> Goal of the exercise:
Write out the data below exactly, beginning with the first line and ending once the line that has "Stone Island Chaqueta Casual" is written.

++++++++++++++++++++

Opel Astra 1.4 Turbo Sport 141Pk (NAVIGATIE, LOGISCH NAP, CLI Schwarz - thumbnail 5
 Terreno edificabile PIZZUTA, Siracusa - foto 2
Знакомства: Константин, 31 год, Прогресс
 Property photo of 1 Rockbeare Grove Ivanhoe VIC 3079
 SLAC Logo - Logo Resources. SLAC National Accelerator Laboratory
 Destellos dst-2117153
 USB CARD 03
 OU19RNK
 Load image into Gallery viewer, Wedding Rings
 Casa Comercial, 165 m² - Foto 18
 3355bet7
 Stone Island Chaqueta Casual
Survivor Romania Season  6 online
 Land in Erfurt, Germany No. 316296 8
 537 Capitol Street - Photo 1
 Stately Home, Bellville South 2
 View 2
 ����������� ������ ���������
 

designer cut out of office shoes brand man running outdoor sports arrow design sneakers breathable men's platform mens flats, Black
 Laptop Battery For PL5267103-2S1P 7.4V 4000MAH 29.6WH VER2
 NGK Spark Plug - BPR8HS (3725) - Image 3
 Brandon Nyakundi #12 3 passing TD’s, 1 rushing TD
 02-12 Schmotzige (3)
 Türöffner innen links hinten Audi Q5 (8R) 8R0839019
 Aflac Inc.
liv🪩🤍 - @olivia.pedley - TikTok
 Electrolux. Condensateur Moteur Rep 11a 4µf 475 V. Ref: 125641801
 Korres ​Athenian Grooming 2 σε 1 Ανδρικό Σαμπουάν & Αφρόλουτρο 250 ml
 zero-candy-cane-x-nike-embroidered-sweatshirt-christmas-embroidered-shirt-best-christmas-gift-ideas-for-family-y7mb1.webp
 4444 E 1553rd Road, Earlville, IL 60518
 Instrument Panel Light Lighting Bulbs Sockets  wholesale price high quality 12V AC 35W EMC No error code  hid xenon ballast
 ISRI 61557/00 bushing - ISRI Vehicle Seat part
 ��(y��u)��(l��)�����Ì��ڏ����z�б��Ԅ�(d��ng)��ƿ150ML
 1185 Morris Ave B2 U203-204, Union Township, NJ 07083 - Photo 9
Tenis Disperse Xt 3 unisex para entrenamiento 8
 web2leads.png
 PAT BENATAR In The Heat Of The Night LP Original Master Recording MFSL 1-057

++++++++++++++++++++

> Written response:
Opel Astra 1.4 Turbo Sport 141Pk (NAVIGATIE, LOGISCH NAP, CLI Schwarz - thumbnail 5
 Terreno edificabile PIZZUTA, Siracusa - foto 2
Знакомства: Константин, 31 год, Прогресс
 Property photo of 1 Rockbeare Grove Ivanhoe VIC 3079
 SLAC Logo - Logo Resources. SLAC National Accelerator Laboratory
 Destellos dst-2117153
 USB CARD 03
 OU19RNK
 Load image into Gallery viewer, Wedding Rings
 Casa Comercial, 165 m² - Foto 18
 3355bet7
 Stone Island Chaqueta Casual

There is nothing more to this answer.